Here’s the reportback from one of the activists working to end coal in Colorado:
On Saturday, August 16 close to 150 Boulder residents took part in a creative and empowering direct action at the Valmont Coal Plant in support of energy localization and local food. After a community bike ride from downtown Boulder, folks of all ages planted sunflowers — known for their use in natural soil remediation projects — on a vacant lot at the gates of the Valmont Coal Plant. The activists were calling for the immediate shut-down of the Valmont Coal Plant, as well as urging the City of Boulder to cut its ties with Xcel Energy and to create a truly sustainable community built on local democracy, locally-generated energy and locally-produced food.
Folks gathered in downtown Boulder for a free breakfast (complete with French Toast!) provided by the local chapter of Food Not Bombs. The community bike ride, which included a large contingent of children and families, occupied major east-west thoroughfares as we made the 5 mile trek to the Valmont Coal Plant, located east of town. Small teams of bikers carefully managed traffic in the intersections to ensure the safe passage of everyone on the bike ride, as folks enjoyed chants, small talk and a beautiful summer day.
After roughly an hour of pedaling from downtown Boulder, we arrived at the Valmont Coal Plant in high spirits. Community members started to turn over soil to prepare the ground for planting, while others erected signs reading “Our Power Our Future Our Choice”, “Planting a Clean Future”, and “Coal Plant in Transition.” We then planted sunflowers at the gates of the coal plant, to begin the transition away from dirty fossil fuels in our community. Sunflowers are useful in the soil remediation process, as they are able to extract arsenic and other coal-plant pollutants, out of the soil. They are also an example of a natural, sustainable and community-scale solution to the problems associated with coal and other fossil fuels.
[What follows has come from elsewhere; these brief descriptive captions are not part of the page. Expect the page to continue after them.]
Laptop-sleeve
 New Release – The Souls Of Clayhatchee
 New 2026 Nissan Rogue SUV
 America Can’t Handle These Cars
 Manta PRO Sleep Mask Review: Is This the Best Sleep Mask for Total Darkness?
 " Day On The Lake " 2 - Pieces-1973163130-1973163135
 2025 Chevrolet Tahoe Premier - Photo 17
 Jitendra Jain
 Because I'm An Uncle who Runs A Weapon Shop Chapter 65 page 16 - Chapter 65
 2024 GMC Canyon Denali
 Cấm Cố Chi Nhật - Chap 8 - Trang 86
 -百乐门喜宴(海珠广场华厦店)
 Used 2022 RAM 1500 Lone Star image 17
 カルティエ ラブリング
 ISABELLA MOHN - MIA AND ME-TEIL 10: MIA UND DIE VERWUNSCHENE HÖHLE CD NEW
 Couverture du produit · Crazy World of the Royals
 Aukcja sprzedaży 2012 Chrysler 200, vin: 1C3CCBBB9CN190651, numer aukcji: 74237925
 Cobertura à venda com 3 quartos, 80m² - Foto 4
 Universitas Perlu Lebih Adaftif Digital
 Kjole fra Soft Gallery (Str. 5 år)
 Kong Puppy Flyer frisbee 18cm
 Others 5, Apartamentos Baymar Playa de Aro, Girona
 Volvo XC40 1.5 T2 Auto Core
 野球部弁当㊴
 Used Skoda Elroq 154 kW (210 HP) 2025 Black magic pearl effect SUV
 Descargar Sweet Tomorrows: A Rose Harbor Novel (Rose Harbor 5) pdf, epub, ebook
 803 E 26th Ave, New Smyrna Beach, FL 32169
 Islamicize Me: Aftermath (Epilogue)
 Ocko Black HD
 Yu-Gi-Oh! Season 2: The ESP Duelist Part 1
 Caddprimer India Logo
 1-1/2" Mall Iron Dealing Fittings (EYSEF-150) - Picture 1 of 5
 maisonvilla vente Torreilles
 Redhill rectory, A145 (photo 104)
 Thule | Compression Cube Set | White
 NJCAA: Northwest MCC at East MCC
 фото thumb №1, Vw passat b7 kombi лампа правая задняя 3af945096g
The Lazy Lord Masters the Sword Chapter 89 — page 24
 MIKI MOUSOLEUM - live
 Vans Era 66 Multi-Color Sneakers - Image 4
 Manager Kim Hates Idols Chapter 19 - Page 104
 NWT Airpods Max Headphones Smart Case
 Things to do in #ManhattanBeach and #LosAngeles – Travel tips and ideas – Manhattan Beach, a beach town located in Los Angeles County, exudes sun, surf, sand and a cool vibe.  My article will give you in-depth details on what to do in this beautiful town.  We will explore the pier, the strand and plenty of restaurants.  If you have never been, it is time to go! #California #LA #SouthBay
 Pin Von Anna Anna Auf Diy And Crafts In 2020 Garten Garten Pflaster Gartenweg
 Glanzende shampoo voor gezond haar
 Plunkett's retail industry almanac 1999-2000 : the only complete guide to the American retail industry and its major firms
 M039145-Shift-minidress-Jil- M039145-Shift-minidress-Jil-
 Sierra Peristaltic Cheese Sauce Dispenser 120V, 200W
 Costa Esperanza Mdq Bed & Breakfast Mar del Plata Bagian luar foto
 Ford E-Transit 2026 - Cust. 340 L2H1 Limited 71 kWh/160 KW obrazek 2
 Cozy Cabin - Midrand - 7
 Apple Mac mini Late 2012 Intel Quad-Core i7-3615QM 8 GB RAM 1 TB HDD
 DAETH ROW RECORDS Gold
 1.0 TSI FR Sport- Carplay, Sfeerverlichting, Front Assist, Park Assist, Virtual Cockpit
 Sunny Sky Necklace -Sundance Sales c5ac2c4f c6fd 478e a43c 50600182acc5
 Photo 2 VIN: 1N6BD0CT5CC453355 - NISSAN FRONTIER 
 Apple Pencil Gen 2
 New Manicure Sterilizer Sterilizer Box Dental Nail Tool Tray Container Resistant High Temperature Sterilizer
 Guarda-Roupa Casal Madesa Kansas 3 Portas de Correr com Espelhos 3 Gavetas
Thanks to much community involvement, Boulder is well on its way to cutting its ties with Xcel Energy, a Minnesota-based, monopoly utility company that generates 90% of its electricity from fossil fuels. A ballot measure passed by a large margin last November allowed the city to take the first steps toward creating a publicly-owned municipal utility. This November, voters will have the opportunity to establish a municipal utility. Such a change would enable democratic decision-making over the source of our electricity, dramatically expand locally-generated renewable energy and — in tandem with efforts to expand the production of local food — help create a thriving and sustainable local community.
Solidarity to Tim DeChristopher and all our Rocky Mountain comrades from Utah to Montana.